April Goggans is an organizer with Black Lives Matter in Washington DC. After years of FOIA requests she has been granted a hearing to determine if the Metropolitan Police Department are required to reveal the extent of surveillance conducted against her. COINTELPRO is not just a program of the distant past, but of present-day policing as well.
The DC government is deploying COINTELPRO like tactics against organizations and individuals fighting to protect and expand our rights. Of course, this is not news to those who have been engaged in political work here for any amount of time, but now, thanks to one local organizer, there is proof.
Suspecting she was being surveilled by the Metro Police Department (MPD), April Goggans of Black Lives Matter DC (BLMDC) filed a Freedom of Information Act (FOIA) request for the documents the DC government had on her. After years of hiding, stalling and lying by MPD, April took the request to court. The most important hearing to date was scheduled for June 14, 2022 too determine if MPD is required to follow FOIA laws. It is unlikely that the final determination was made during the hearing.
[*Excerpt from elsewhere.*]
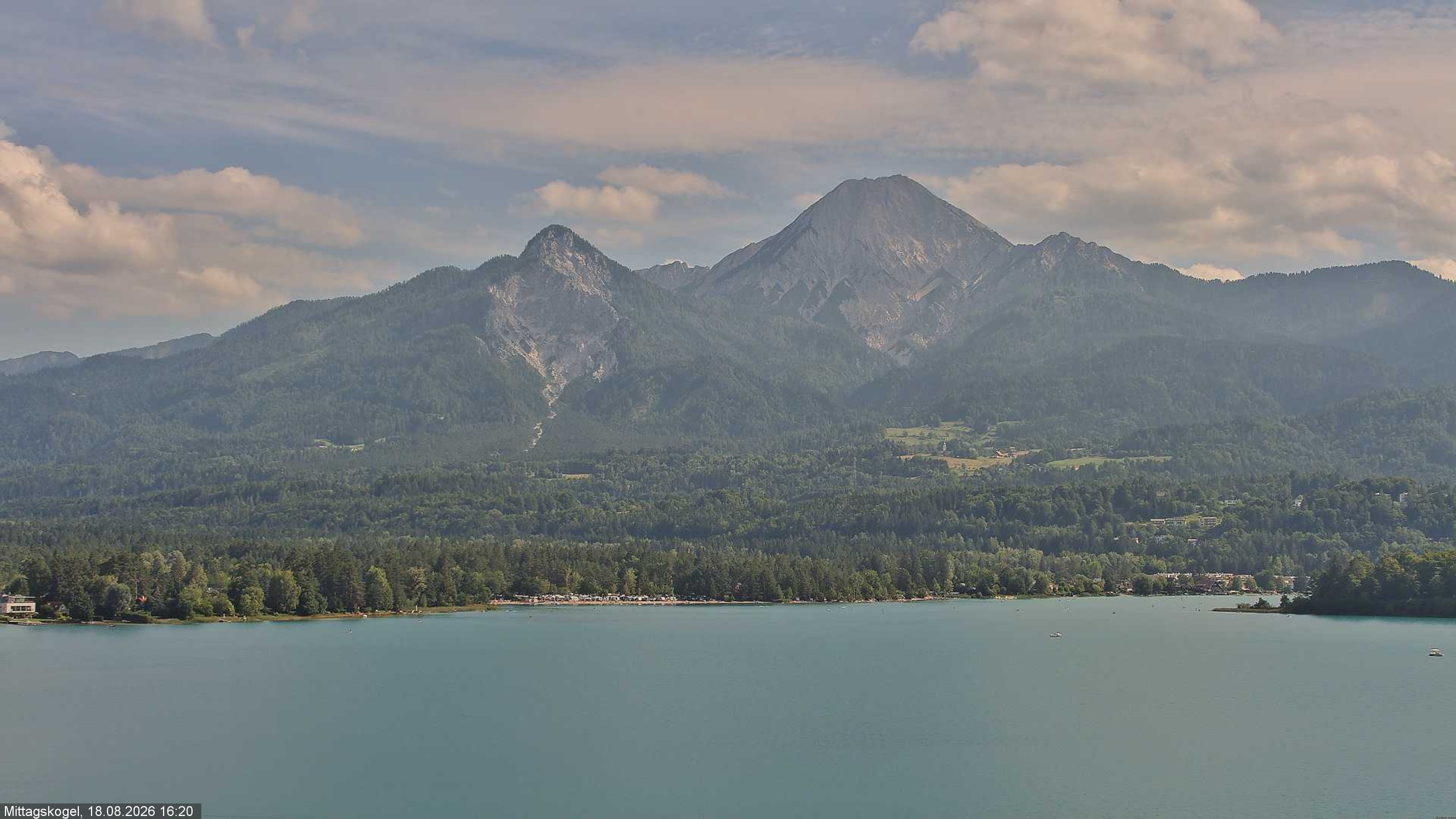 Archiv Foto Webcam Faaker See, Blickrichtung Mittagskogel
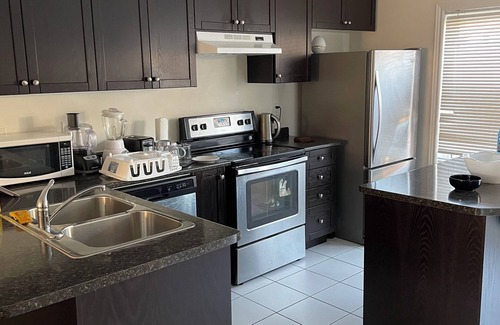 Brampton House | Comfortable Room & Private Washroom. Free Parking!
A decision may not be made for months.
This hearing is important for anyone organizing in the DMV and anyone concerned about public access to government information, police and government official misconduct, and the use of police to spy on perceived political opponents.
Beyond the individual case, the persistent use of COINTELPRO tactics - such as spying, intimidation and disruption - to attack organizations fighting for basic human rights, demonstrates the need for radical social transformation and for Community Control Over Police.
What is COINTELPRO?
COINTELPRO (Counter Intelligence Program) was a secret, institutional operation inside the FBI that surveilled and infiltrated rights organizations in the US with the intent of disrupting, discrediting and even “neutralizing” those organizations. The CIA even created its own domestic spy and disrupt program entitled Operation CHAOS. While COINTELPRO targeted a broad range of organizations deemed ‘subversive’ by the government, including civil rights, feminists, socialists, animal rights, Muslim, American Indians, some of the most brutal actions targeted Black Power type organizations.
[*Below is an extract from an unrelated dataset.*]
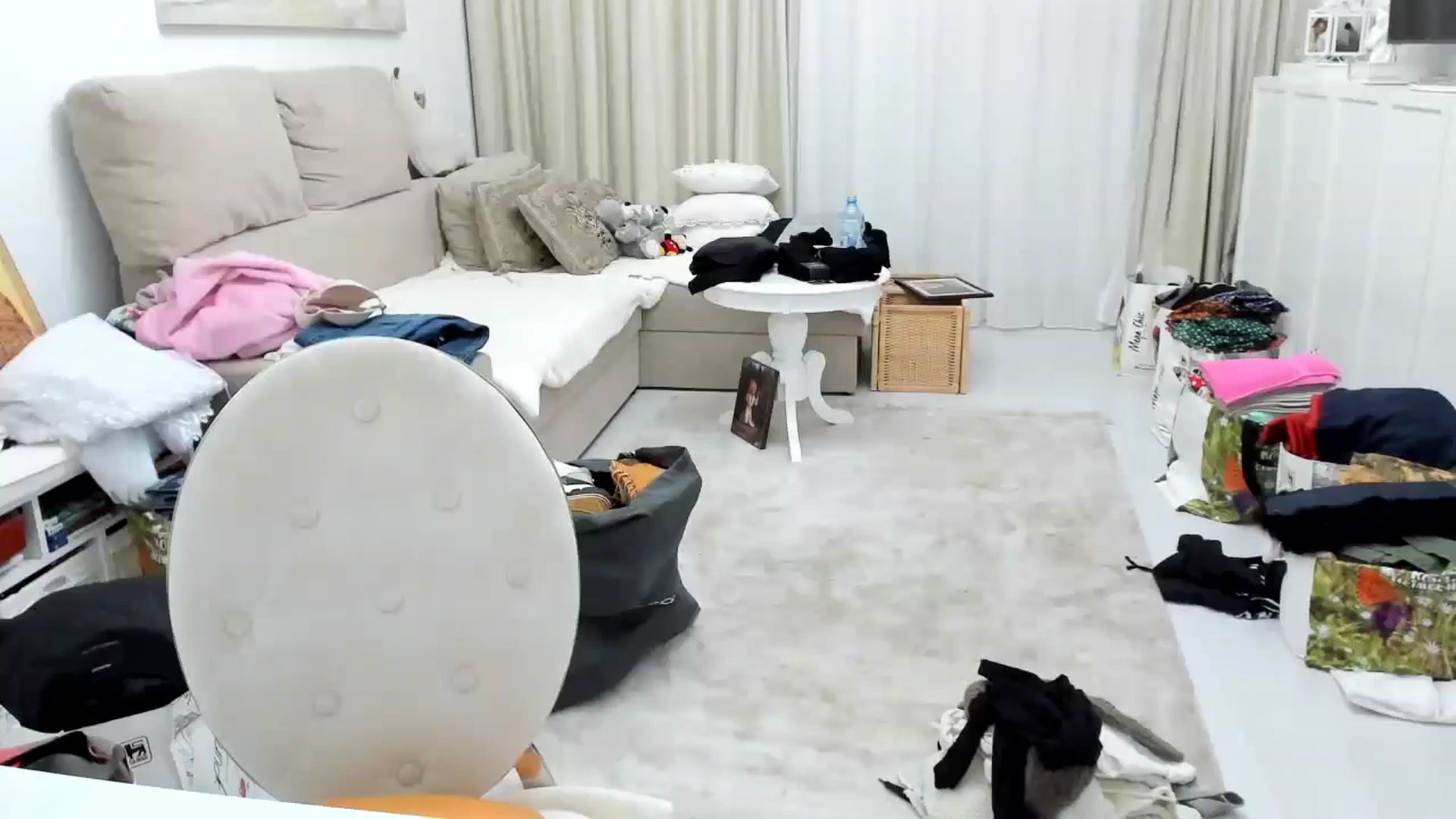 Gallery image thumbnail from Wennndyk's myfreecams stream on, 05/17/2024, 23:55 image 13 of 20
Through COINTELPRO, government agents would spy on individual members of organizations, harassing them at home, work, or with relatives in an attempt to intimidate them.The FBI would also put pressure on the individual member by harassing and harshly questioning their relatives or their activist colleagues. The FBI would also infiltrate the various organizations to spread misinformation inside and among organizations in order to cause infighting and generally destabilize the groups. The program ultimately arrested hundreds of organizers on trumped up charges and planted evidence, creating an entire generation of political prisoners in the US. Under the auspices of COINTELPRO, the FBI assassinated numerous members of the Black Panther Party and other organizations.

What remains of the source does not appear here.